In a quest to get back into film photography, I spent a long while lusting after vintage SLR like a Nikon FM-2 or Canon AE-1. My motivations were mostly boredom and nostalgia. I eventually came to the realization that I enjoy sharing my photos, and that the world has gone digital. The prospect of digitizing film made me remember days of scanning negatives and prints of old family albums. It was awful. I'll stick with my digital bodies.
|My modified Fujifilm Instax Mini 8 with its new tripod socket and remote shutter release|
Enter instant film. I mostly use it to give out instant souvenirs at social events. The current market for self developing film is dominated by Fujifilm's Instax line. The typical "mini" version is 54 x 86mm, 800 ISO, color film. There is a variety of cameras to choose from, but I settled on the cheapest bare-bones unit knowing I would tinker with it. Also, the reviews for the fancier ones were plagued with electronics failures.
|Mini 8 circuit board|
|New tripod socket|
The camera is driven by a single hobby motor. A rather complicated gear, lever, and cam system cycles the shutter, flash, and film rollers.

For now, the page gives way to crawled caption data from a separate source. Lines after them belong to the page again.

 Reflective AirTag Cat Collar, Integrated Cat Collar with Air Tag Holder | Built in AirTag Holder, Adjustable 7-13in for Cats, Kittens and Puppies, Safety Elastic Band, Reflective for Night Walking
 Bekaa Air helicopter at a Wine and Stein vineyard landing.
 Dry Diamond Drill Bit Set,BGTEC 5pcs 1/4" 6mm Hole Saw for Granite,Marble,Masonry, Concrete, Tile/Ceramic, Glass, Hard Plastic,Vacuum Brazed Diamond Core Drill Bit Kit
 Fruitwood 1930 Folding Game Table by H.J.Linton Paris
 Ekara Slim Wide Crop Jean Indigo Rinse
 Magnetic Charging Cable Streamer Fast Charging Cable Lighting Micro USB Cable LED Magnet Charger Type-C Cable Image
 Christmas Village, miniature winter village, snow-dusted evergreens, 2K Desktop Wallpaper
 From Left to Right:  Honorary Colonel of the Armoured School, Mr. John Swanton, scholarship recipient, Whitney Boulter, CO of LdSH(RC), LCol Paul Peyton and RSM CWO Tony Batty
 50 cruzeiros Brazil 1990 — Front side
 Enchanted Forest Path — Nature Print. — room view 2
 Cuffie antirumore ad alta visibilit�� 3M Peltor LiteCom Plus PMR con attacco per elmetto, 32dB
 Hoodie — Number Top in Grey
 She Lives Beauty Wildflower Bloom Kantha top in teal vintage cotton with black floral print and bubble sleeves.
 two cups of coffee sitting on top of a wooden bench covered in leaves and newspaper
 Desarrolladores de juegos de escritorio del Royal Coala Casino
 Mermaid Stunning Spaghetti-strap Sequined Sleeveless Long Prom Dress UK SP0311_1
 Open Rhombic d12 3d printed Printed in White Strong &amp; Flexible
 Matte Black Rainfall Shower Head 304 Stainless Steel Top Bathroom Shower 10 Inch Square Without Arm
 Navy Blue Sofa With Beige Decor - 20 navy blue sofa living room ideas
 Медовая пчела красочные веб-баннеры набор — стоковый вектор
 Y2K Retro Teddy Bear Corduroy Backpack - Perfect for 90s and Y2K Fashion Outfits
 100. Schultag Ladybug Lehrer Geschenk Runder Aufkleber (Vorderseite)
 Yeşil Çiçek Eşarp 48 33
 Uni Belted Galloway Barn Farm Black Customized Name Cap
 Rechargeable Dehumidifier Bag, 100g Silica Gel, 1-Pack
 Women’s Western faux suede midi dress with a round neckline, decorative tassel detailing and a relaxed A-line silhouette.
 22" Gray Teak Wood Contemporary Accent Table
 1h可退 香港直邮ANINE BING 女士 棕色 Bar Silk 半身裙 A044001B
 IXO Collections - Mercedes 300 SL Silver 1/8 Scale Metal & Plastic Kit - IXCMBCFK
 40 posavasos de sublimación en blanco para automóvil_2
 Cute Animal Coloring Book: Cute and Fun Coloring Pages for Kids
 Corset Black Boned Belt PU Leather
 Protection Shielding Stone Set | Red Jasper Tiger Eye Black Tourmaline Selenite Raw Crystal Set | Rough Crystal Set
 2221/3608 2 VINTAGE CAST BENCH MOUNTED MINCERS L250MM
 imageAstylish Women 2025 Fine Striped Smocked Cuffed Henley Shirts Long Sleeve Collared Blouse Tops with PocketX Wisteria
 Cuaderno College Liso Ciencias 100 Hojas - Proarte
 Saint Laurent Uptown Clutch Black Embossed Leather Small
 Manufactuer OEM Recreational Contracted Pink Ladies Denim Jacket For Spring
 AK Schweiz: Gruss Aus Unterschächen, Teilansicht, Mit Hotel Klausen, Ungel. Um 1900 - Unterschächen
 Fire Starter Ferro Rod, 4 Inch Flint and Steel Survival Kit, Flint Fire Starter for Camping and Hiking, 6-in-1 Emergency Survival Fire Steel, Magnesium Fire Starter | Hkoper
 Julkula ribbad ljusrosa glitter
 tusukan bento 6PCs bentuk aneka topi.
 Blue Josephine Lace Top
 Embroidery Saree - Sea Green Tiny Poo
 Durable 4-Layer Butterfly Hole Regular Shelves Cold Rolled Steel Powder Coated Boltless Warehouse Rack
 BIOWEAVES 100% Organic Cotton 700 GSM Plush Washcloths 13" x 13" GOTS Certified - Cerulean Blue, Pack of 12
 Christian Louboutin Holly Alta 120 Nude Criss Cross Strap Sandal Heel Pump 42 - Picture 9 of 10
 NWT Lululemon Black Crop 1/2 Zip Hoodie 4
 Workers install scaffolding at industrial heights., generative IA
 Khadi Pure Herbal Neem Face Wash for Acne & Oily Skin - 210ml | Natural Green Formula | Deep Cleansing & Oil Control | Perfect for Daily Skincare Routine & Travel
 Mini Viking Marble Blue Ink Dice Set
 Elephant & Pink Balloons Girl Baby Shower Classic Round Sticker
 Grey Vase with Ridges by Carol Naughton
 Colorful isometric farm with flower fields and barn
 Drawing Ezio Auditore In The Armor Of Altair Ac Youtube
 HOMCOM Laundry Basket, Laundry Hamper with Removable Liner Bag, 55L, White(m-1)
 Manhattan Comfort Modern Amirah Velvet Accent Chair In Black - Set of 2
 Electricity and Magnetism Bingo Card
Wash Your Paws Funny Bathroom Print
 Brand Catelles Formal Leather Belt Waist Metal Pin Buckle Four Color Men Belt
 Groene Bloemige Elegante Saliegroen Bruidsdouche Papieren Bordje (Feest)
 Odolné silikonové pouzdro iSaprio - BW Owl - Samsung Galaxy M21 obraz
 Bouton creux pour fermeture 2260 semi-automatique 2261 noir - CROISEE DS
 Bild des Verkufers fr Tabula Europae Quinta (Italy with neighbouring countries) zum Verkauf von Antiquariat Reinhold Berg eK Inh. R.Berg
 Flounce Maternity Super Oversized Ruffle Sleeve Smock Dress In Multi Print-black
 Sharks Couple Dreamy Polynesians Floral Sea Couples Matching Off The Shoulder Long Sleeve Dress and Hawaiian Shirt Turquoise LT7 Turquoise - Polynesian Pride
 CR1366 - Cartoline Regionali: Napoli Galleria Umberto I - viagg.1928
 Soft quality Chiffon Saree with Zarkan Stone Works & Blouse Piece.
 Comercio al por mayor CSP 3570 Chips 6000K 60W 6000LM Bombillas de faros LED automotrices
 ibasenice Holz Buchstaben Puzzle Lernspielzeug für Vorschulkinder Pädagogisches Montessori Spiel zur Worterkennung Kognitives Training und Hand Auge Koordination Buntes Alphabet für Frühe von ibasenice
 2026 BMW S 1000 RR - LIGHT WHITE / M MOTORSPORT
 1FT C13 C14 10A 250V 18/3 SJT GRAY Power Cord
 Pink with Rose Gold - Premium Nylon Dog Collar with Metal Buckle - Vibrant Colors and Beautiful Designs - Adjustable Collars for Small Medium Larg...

|Opened Mini 8 with new leads on the flash switch and shutter switch|
The shutter release button is a single pole single throw switch. I tapped the circuit by soldering wires to the corresponding pins on the PCB. I had to map the pinout by visually tracing wires and checking continuity with a multimeter. Most of the exposed leads are for various switches.
I decided on 3.5mm audio jack as my port because it's compact. I rigged up a push button SPST and housed it in some PVC fittings. The cable is a 3.5mm stereo patch cord. Depressing the push button closes the "SP" circuit to begin the shutter cycle. I still need to rig up some kind of timer, but the hard part of getting the signal out of the body is done.
|Custom remote release, connects via an audio cable|
|An intervalometer with Canon pinout, plus a 2.5mm to 3.5mm stereo adapter|
I thought I could toggle the flash by interrupting the "SSY" switch. That's the circuit triggered during shutter opening. I think the SSY circuit ground clamps, because cutting the SSY leads didn't stop the flash from firing. I couldn't interrupt the high voltage side of the flash capacitor (I don't think I could fit an appropriate 320V switch into this little body). I would have cut off the 3V side, but there are some charging electronics and sensors that probably would have disagreed with my meddling. I'll leave this issue for another intrepid individual.